Simon James (Jesse Eisenberg, in all his blanched, nebbishy fury) is a cubicle monkey in a firm of unclear business model. Possibly the unseen management – the mysterious colonel – is selling the vitamin D stripped from the employees' systems by the sickly yellow lighting. He's the kind of guy that, when he denies that he's feeling suicidal, he's listed as a "maybe." But not so James Simon (er, also Jesse Eisenberg), a cocksure interloper who has the high-achieving version of Simon's bottom-of-the-totem-pole life.
We've seen this split personality drama a thousand times before, at its best in Fight Club, and most recently in the Jake Gyllenhaal vs. Jake Gyllenhaal vehicle Enemy. For The Double, director Richard Ayoade is the one orchestrating the doppelganger brain damage. Before his appearances in cult faves like Garth Merengue's Dark Place and The IT Crowd, Ayoade made his reputation doing sketch comedy and double-act material with none other than John Oliver. Their shared sense of awkward Britishness shines through, much as it did in Ayoade's feature directorial debut Submarine.
But here Ayoade's sensibilities are as much Eastern European as insular. Most specifically, Fyodor Dostoyevsky, since this is a modernizing adaptation of his 1846 tale of madness and ode to the despairing horrors of Gogol. There's also more than a dash of Kafka, and the concrete brutalism of a pre-Glasnost party planner. However, don't expect unrelentingly bleak metamisery (I'm reliably informed that ol' Franz Josef is hilarious in the original German).
The first third of the tale concentrates on Simon and his wistful longing from afar over office clerk Hannah. She is the office crush Daisy Buchanan to his crumple-suited Gatsby, and Mia Wasikowska plays her as the anti-manic pixie dream girl. Her casting seems part of a trend: Wasikowska has been making a mark in other 19th century literary adaptations with the title roles in Tim Burton's Alice in Wonderland, Jane Eyre, and the upcoming Madame Bovary. Here she is the recipient of more unwanted attention than any woman should endure, including Simon's incessant trips to her copy room.

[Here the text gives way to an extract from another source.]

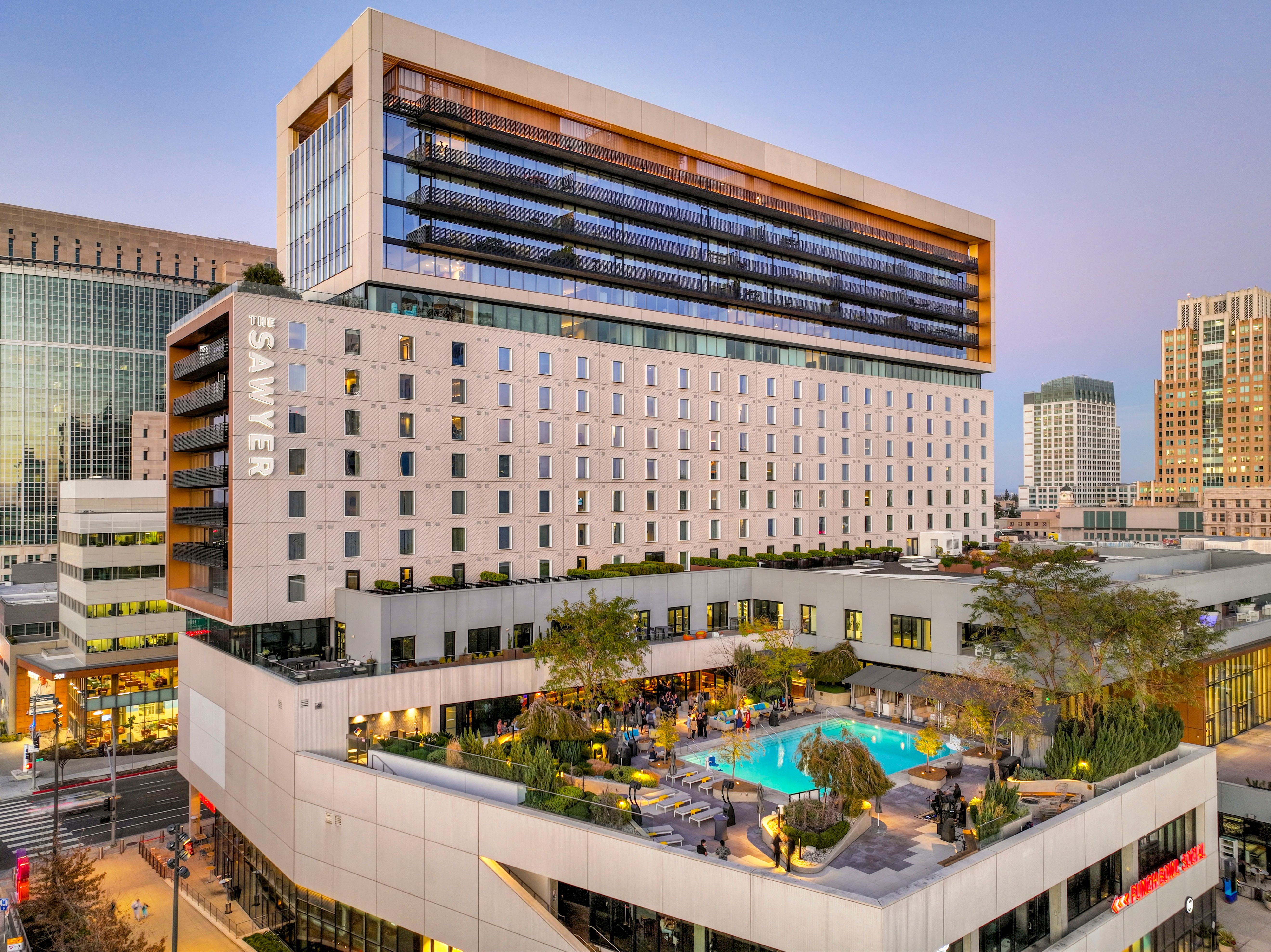 Albuquerque hotels defend policy restricting local residents from booking rooms — Photo by Stephen Leonardi on Pexels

While she is the female lead, head-split narratives like this depend on the tension between the protagonist/antagonist's two halves. Pre-The Social Network Eisenberg was typecast as a dweeb with a trace of a survival instinct, à la Zombieland. Now The Double demands that he splits those two aspects in half between the manipulative James and the passive Simon. The technology is now so advanced that putting the man/men in the same frame at the same time is child's play. So it becomes about performance, as James steals Simon's life – but then, can the left arm steal the right arm's fingers?
In such narratives, there always comes a point when their paths cross, when the alter ego becomes the ego, and Eisenberg's subtlety as a performer becomes his strength. He will never escape his dweebish, gangly frame, but where Simon is a mess of elbows and awkwardness, tumbling over his words, James is a quickfire monster with a lizardlike twitchiness.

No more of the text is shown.